Auch der Sonntag des Eröffnungswochenendes hatte ein paar Perlen im Angebot. T.I.M. mit Sébastien Palis (p, synth), Helga Myhr an der Hardanger-Geige und Karoline Wallace an der Elektronik faszinierten mit ihrer Mischung aus Folklore, Minimalismus und Jazz. Immer, wenn man meint, es sei keine Steigerung mehr möglich, setzen KUU aus Berlin noch eins drauf. Die Sängerin Jelena Kuljić, die beiden Gitarristen Frank Möbus und Kalle Kalima und der Drummer Christian Lillinger hauen einen immer wieder vom Hocker. Auch das französische Publikum nahm die Band sehr gut an.
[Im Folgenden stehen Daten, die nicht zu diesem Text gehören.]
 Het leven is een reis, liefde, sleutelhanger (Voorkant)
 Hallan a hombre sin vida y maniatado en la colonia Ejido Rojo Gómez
Lady Macbeths Monolog aus dem 5. Akt von Macbeth ist das Thema der Mini-Kammeroper Lady M von Marc Ducret (g), das er mit einem elfköpfigen Ensemble inklusive Sopranistin und Countertenor in Straßburg aufführte. Da gab es sehr spannende Jazz- wie Klassikmomente. FiL, eine Woche später, ist die aufregende Kombination von Leïla Martials Stimme und Valentin Ceccaldis Cello. Ihre langsame Version von „All My Loving“ von den Beatles war zum Verlieben. Wie ein Schamane mit Fußglöckchen ist Kahil El’Zabar schon immer aufgetreten. Auch der Auftritt seines Quartetts bei Jazzdor hatte etwas Menschenfängerisches. Man bekommt ihn hierzulande selten zu sehen, deswegen hatte man vielleicht vergessen, was für ein hervorragender Drummer er ist. Nach Coltranes „Resolution“ gingen jedenfalls alle glücklich nach Hause.